Image: Vito Genovese (rigth) with Salvatore Giuliano (left). Genovese was Colonel Poletti’s driver, interpreter and consiglieri (adviser).

 


Genovese and Don Calogero were old friends, and they used their official positions to establish one of the largest
black market operations in all of southern Italy. Don Calogero sent enormous
truck caravans loaded with all the basic food commodities necessary for the
Italian diet rolling northward to hungry Naples, where their cargoes were
distributed by Genovese’s organization (29) All of the
trucks were issued passes and export papers by the AMGOT administration in
Naples and Sicily, and some corrupt American army officers even made
contributions of gasoline and trucks to the operation.

In exchange for
these favors, Don Calogero became one of the major supporters of the Sicilian
Independence Movement, which was enjoying the covert support of the OSS. As
Italy veered to the left in 1943-1944, the American military became alarmed
about their future position in Italy and felt that the island’s naval bases and
strategic location in the Mediterranean might provide a possible future
counterbalance to a Communist mainland. (30)
Don Calogero supported this separatist
movement by recruiting most of western Sicily’s mountain bandits for its
volunteer army, but quietly abandoned it shortly after the OSS dropped it in
1945.

Don Calogero
rendered other services to the anti-Communist effort by breaking up leftist
political rallies.

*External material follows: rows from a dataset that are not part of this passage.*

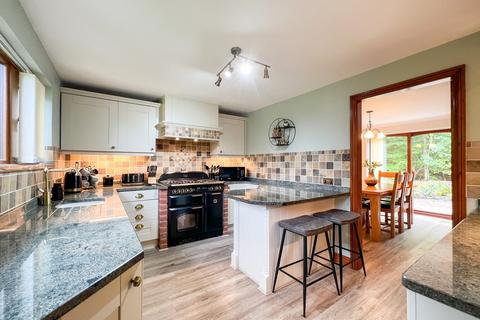 5 bedroom detached house for sale, River Holme View, Holmfirth HD9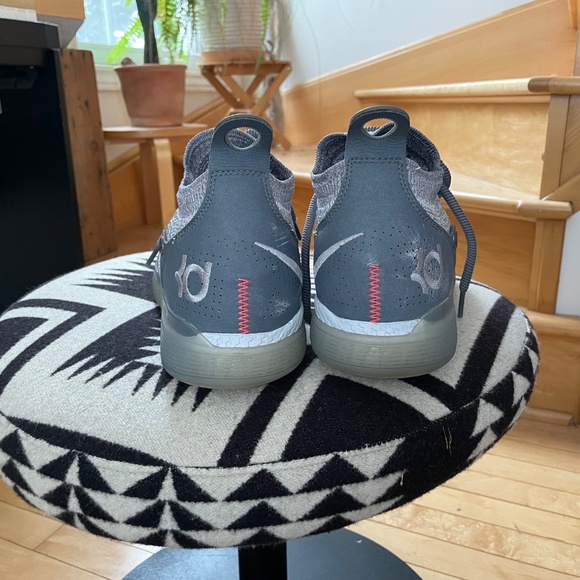 Rare - Nike Air Zoom Kevin Durant KD 11 cool Grey Wolf Ice size US 8 - Picture 2 of 3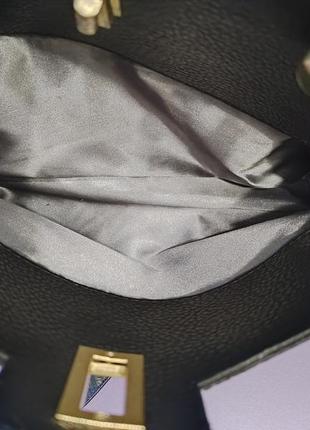 Жіноча сумка чорна на плече/через плече10 фото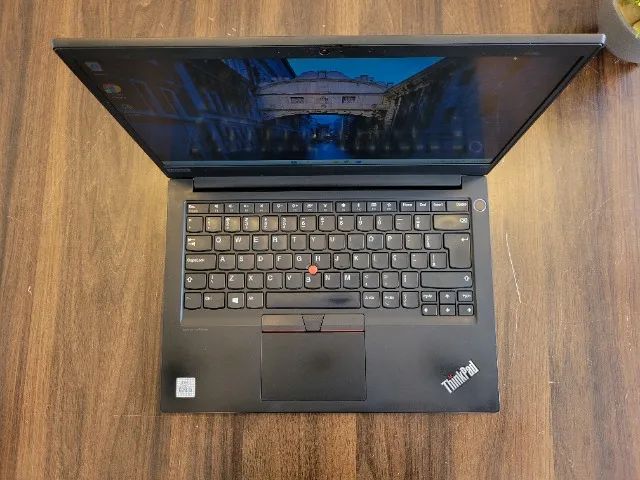 Notebook Lenovo ThinkPad E14 - Core i5 | 10ª Geração | 16GB DDR4 | 256GB SSD | 14" - Foto 3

On September 16, 1944, for example, the Communist leader
Girolama Li Causi held a rally in Villalba that ended abruptly in a hail of
gunfire as Don Calogero’s men fired into the crowd and wounded nineteen
spectators. (31)
Michele Pantaleone, who observed the Mafia’s revival in his native
village of Villalba, described the consequences of AMGOT’s occupation policies:

By the beginning of the
Second World War, the Mafia was restricted to a few isolated and scattered
groups and could have been completely wiped out if the social problems of the
island had been dealt with . . . the Allied occupation and the subsequent slow
restoration of democracy reinstated the Mafia with its full powers, put it once
more on the way to becoming a political force, and returned to the Onorata
Societa the weapons which Fascism had snatched from it.